The unions are equally aware of the criminal record of corporate management. But as long as Prime Healthcare automatically deducts union dues from workers’ paychecks, the Jersey Nurses Economic Security Organization (JNESO) and state AFL-CIO are more than happy to maintain their symbiotic relationship with these corporate criminals.
That is why St. Michael’s strikers should join the growing network of health care workers rank-and-file committees, independent of the unions, to expand the strike and unify with other nurses and health care workers in common action.
Health care workers on strike at Saint Michael’s are engaged in an important fight that is not simply a local dispute. Workers in Florida, Minnesota and California have recently struck over similar issues, and new struggles may soon arise in Michigan, New York and Washington. Furthermore, health care workers in France, the United Kingdom, Turkey, Spain, Germany and Sri Lanka also are protesting short-staffing, austerity and exploitation. To fight successfully, the Newark workers must unify their struggle with the other ongoing health care struggles throughout the US and internationally. 

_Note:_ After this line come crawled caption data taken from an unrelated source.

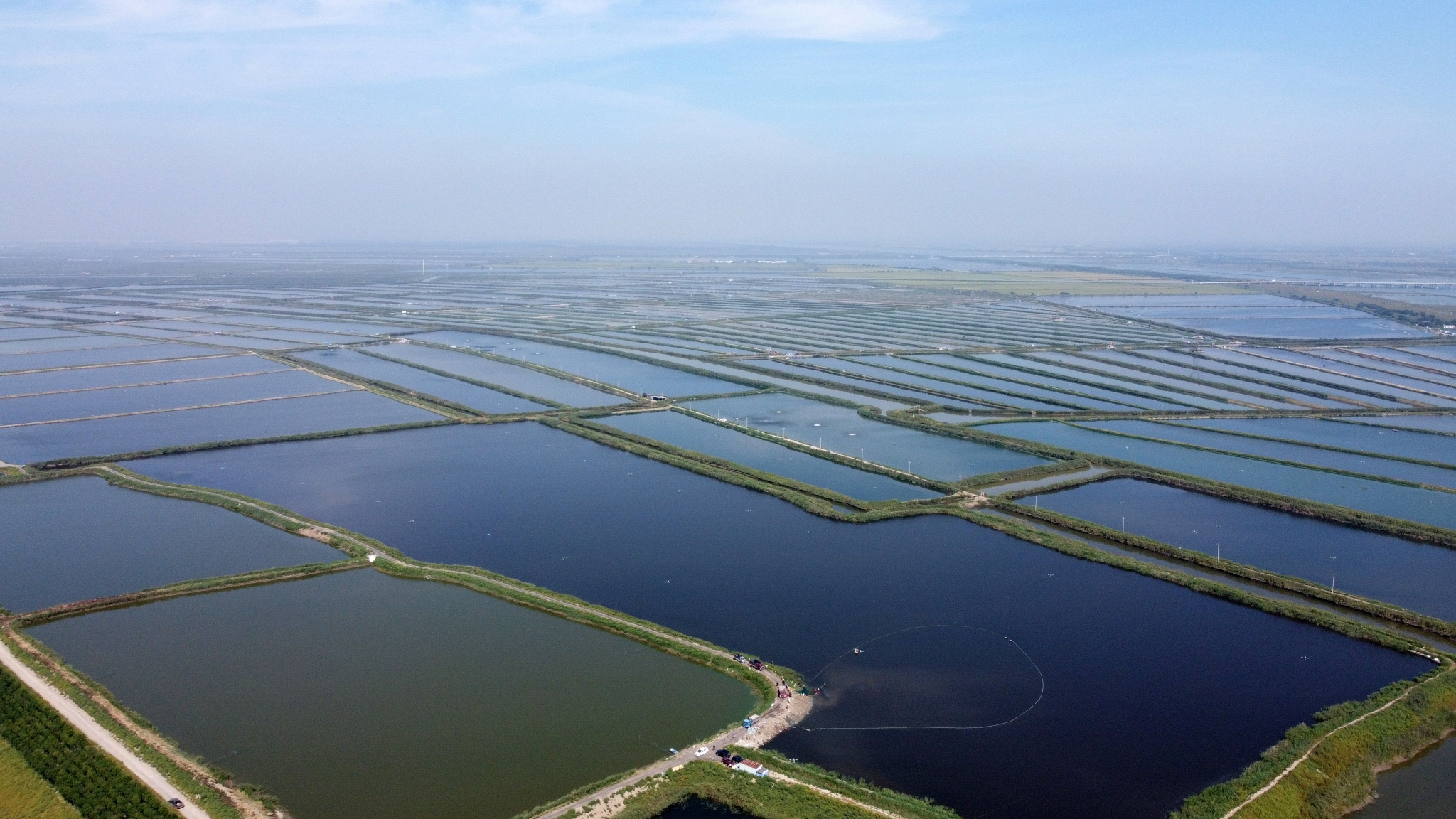 天津万亩虾塘迎来丰收季|天津市|村民|无人机_新浪新闻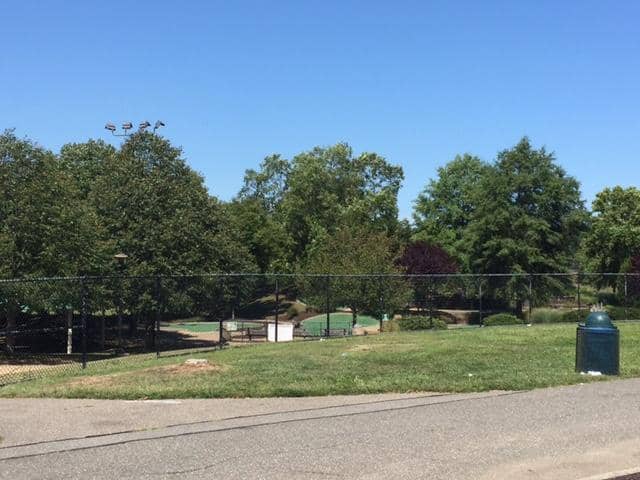 Observation Tower Views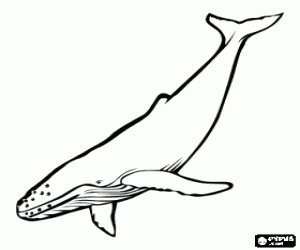 A whale into the depths coloring page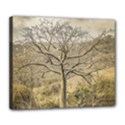 Ceiba Tree At Dry Forest Guayas District   Ecuador Deluxe Canvas 24  x 20   View1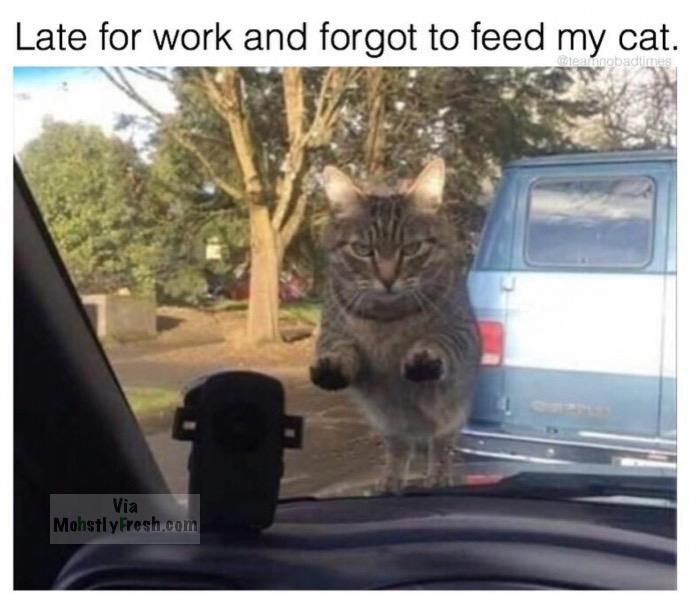 dank meme forgot to feed my cat - Late for work and forgot to feed my cat. Galeriabad Via Mohstly Fresh.com
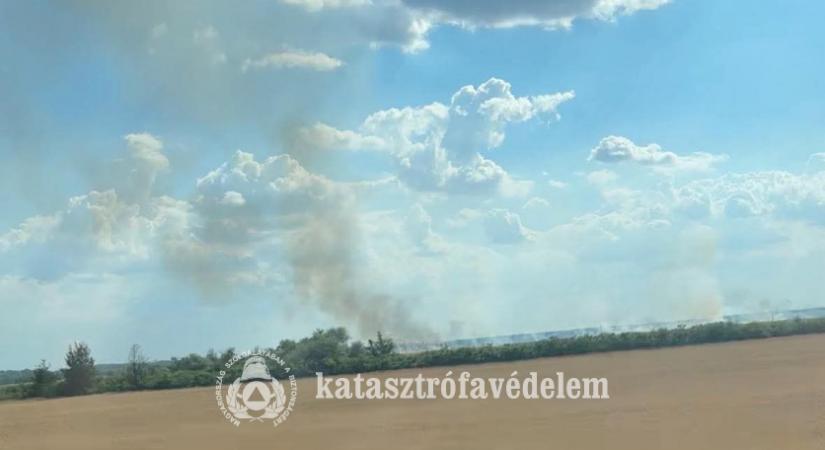 Elkezdődött az aratási szezon, máris több szántóföldi tűzhöz riasztották a tűzoltókat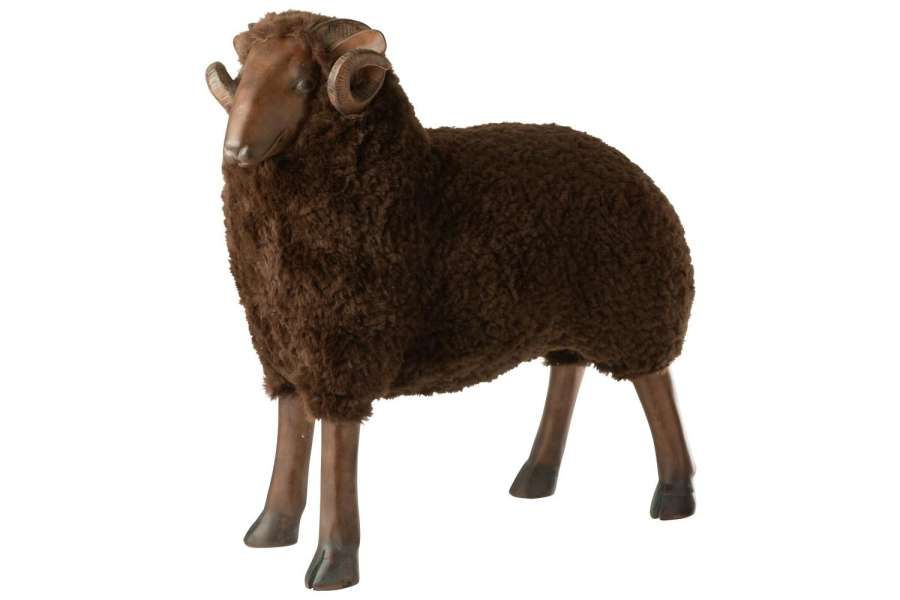 SHEEP HORNS LIMEPOWDER BROWN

These struggles are not discrete battles with individual bosses and companies. In Newark and worldwide, health care workers are fighting against the entire for-profit health care system.
These strikes are not simply workplace struggles—They are fundamentally political struggles. To win decent wages, safe conditions and the ability to provide patients with excellent medical care will require health care workers to join workers in other industries and in other countries in a fight to replace capitalism with socialism.